The Great Dane In filming stories for "Talk to the Animals", its expected that we get into the personal details of people's pets and what makes them so special. Just how special and personal? Well, one special animal made a BIG impression.
We were shooting a quick story on pets in apartments and the best choices of dogs for people that want a mate but don't necessarily have the space for it. Anyway, we lined up an 80kg Great Dane that lived in a tiny terrace house to do a quick profile on. However, this was never going to be straightforward. From the moment I arrived, this Great Dane lined up me. He was, for some reason transfixed, fascinated and obsessed by me. Whether it was my aftershave or my profession that took his fancy I have no idea. However, as we started rolling and doing an interview with his owner, he decided that it was time to claim his prize. Personal yes. Special yes. Overwhelming yes. Overbearing having an 80kg Great Dane trying to hump your leg. Definitely. The scary thing was that when he stood on his back legs, he actually looked me (at 6 foot 4 inches) right in the eye. Bedroom eyes from a 6 foot tall Great Dane. Now that's "Talking to the Animals"!
The Burping Owner Emergencies are always an extremely tense time as a vet. Typically a life is on the line and seconds count. Obviously in this situation, its rare to be able to raise a laugh. And sometimes, despite every part of your body telling you to, its just inappropriate to.
Six months ago, a client of mine came running into the clinic frantically; and understandably so. Her dog had just fallen 2 floors and landed on the ground. It was apparently unconscious but had begun to come to and show some good positive signs of life to my great relief. When she arrived in the clinic, the dog was up and even sniffing the table when I placed it there to begin the examination.
"Is she dead?" were the first words that the owner had. It was an easy question to answer for obvious reasons. The dog was now walking around on the table.
As I began to look over the dog, the next statement didn't make the situation any more normal.
"I should warn you. I do something that's a little strange"
Unperturbed, I continued my examination. When I reached the hips of the dog. A strange- no a remarkable thing happened. For as my hands touched the dogs upper thighs, the owner of the dog began violently and loudly burping. She belched uncontrollably until I removed my hands from her dog.
Shocked, I asked if she was ok.
"I feel their pain" was her response. The belching continued as I felt over her dog "Maxine's" back legs. Thankfully, as I navigated back towards the dogs head, the winds calmed and the burping abated.
Thankfully there were no broken bones. Just bruises.
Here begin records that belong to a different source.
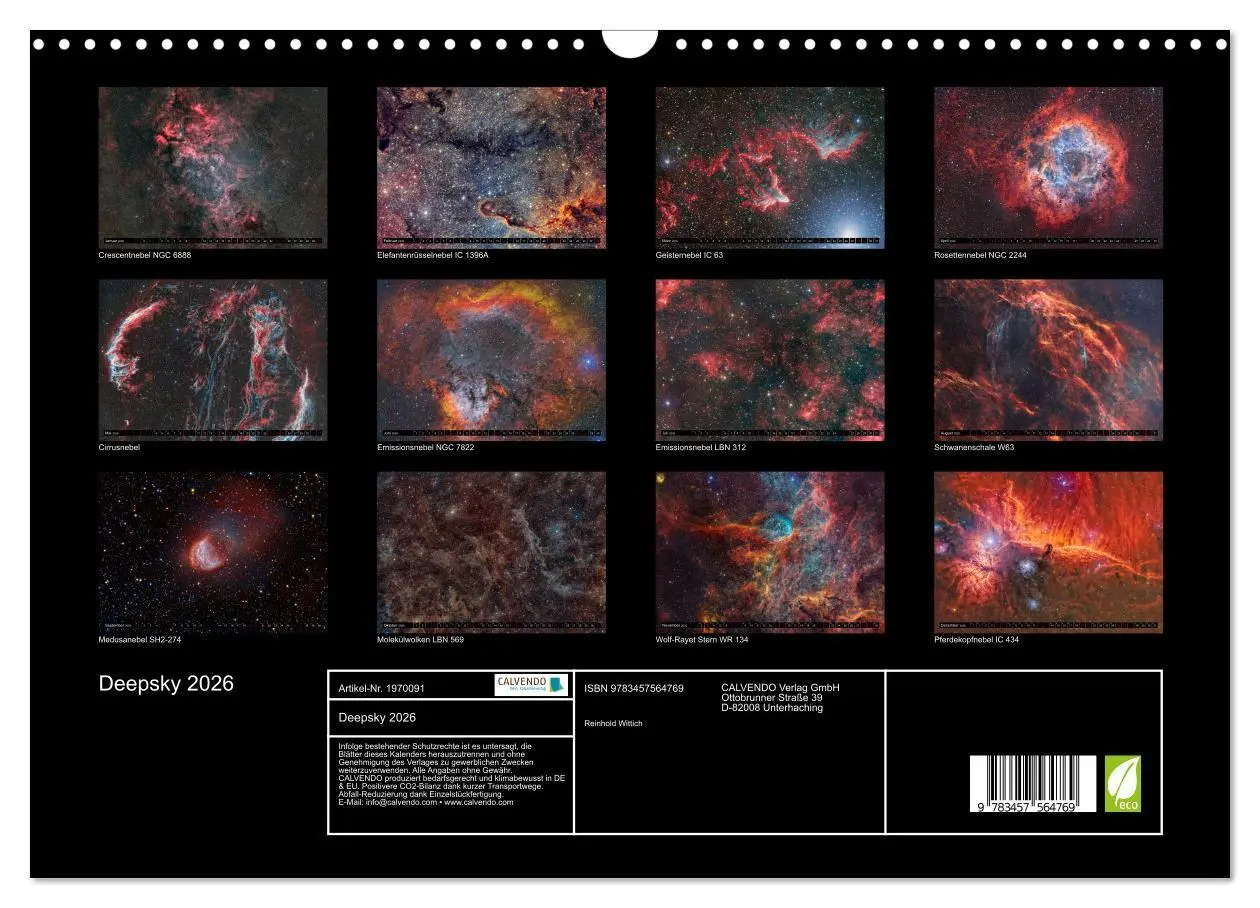 Bild: 9783457564769 | Deepsky 2026 (Wandkalender 2026 DIN A3 quer), CALVENDO Monatskalender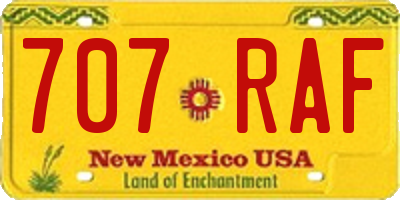 NM license plate 707RAF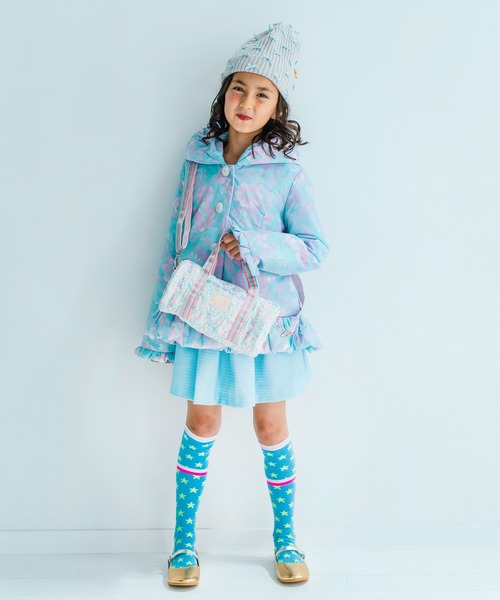 fafa(フェフェ)の「MIA BELLE|ニットキャップ(キャップ・キッズ・グレー/ピンクベージュ・FREE)」の3枚目の写真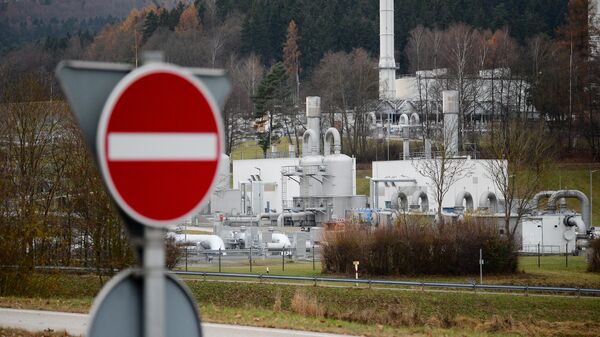 Estación de compresión de gas de Gascade, en la frontera entre Alemania y la República Checa - Sputnik Mundo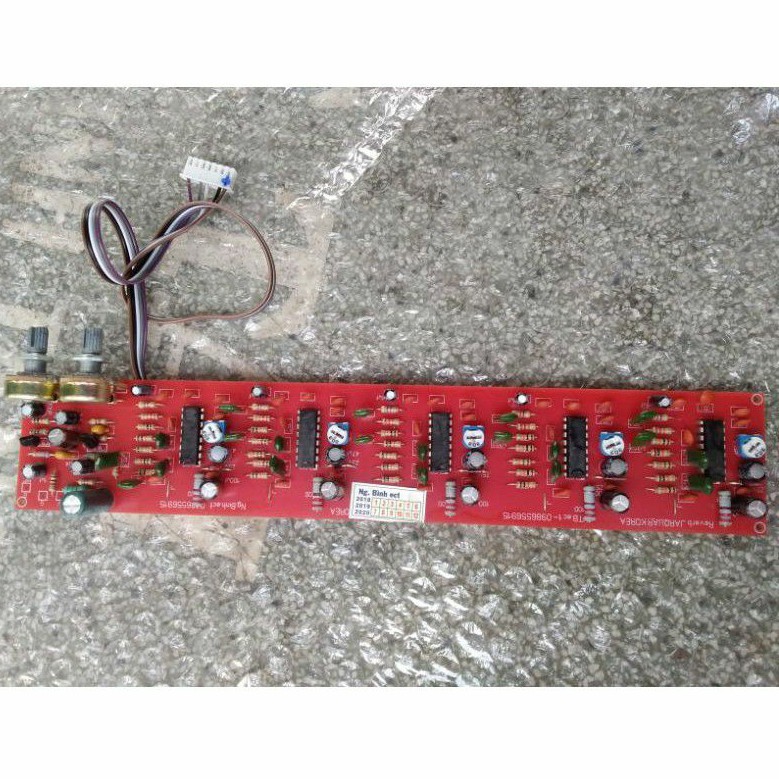 Driver 5 tầng echo ( super reverb) cho amply, cắm cáp vào amply là sử dụng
Bruising mirrored by my gums that were being bitten and chewed as a way of holding back the torrent of laughter that had built up like a tropical cyclone in my belly.
Yes, according to my friend, she 'feels' animals pain and 'heals' them by 'burping' out their waste products.
Not a normal way to heal an animal, but nonetheless an alternative 'alternative' therapy. As time has gone by, I have got to know this special 'animal healer' and her popularity with pet owners has increased dramatically to the point that she now runs a full time business 'healing' animals in her special way.
The Penguin Growing up, you could say I had a rather unique childhood. You see, loving animals was one thing, Having a father that was the local vet merely provided fuel for this passion. All manner of sick, helpless and homeless animals would make our house their castle. The pet that took the cake though (which is hard amongst cows, horses, donkeys, koala's, kangaroos, ducks and eagles) had to be the Fairy Penguin.
It had been brought into dad at work one night. Its water proof feathers had been gummed together with oil and only a bucket of detergent could remove the thick tar. The penguin would receive regular feeds of fish caught in the ocean just a few kilometres away in the hope that they would build his strength to the point where he may again dart through the swells. After 3 weeks of cold and greasy fish the penguin gave all the signs he was ready to go. His small beak would busily poke through his coat preening his feathers as though expecting them to be rushed over by water.
But how do you tell if a penguin can still swim? Well, a quick dip in the saltwater swimming pool seemed like a good idea at the time. So with his small rubber paddles flapping as if propellers he dived into the pool. The penguin disappeared from view in an instant. He was still in the pool, yet his movements (which had the same predictability as an untied and exhaling kids balloon) were so flashy and fast that an exact location was hard to grasp. So it was clear he could swim. What now became very unclear was how we were going to get him out so he could be released which had been the plan all along. Being the youngest of three brothers I was naturally the first sent in to retrieve him. However, trying to grab him with two hands was like trying to catch a wet, leather football with your eyes closed. With my increasing fatigue and headache from holding my breath without reward, all manner of pool equipment was thrown into the choppy waters in order to assist.
After hours of failed attempts, a final combination of a pool-volleyball net and a leaf scoop was able to herd the darting penguin into a corner where he could be grasped. Wasting no time at all, he was driven to the nearest beach; the salt on the air causing an excited elevation in activity and the propellers to whirl once more. Finally the crisp salt water enveloped him and after rising for air he dipped under the waves and was away....quickly.